---------- Input

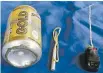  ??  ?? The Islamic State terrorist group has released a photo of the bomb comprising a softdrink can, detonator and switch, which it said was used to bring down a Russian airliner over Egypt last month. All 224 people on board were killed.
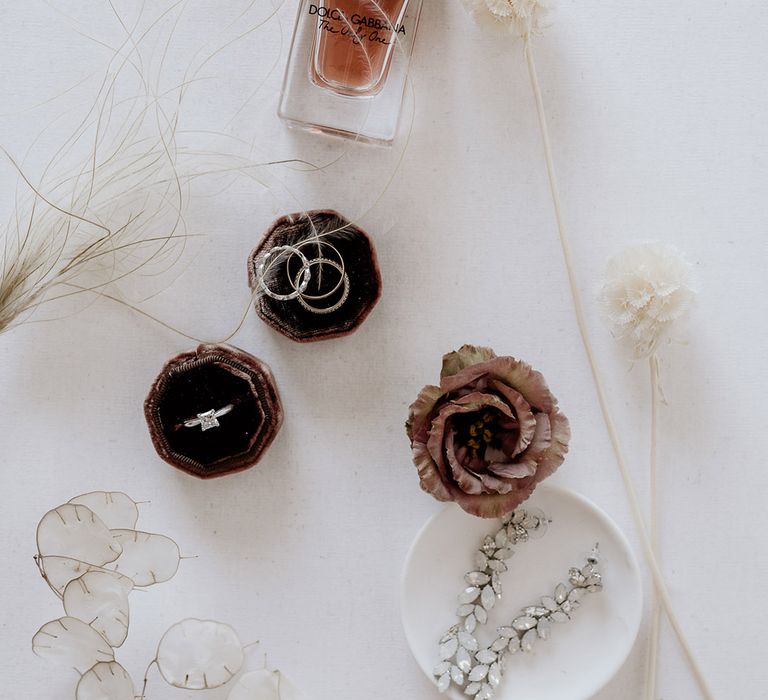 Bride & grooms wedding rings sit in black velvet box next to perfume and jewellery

--------------------
---------- Input

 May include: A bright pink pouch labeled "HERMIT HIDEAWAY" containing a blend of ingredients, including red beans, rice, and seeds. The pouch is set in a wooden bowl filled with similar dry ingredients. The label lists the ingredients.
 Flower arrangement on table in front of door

--------------------

- **Aim of the exercise**
From the records above, output only the lines starting at the one containing "board were killed." and ending at the one containing "Bride & grooms", word for word. Pictures stay out.

- **Expected answer**
  ??  ?? The Islamic State terrorist group has released a photo of the bomb comprising a softdrink can, detonator and switch, which it said was used to bring down a Russian airliner over Egypt last month. All 224 people on board were killed.
 Bride & grooms wedding rings sit in black velvet box next to perfume and jewellery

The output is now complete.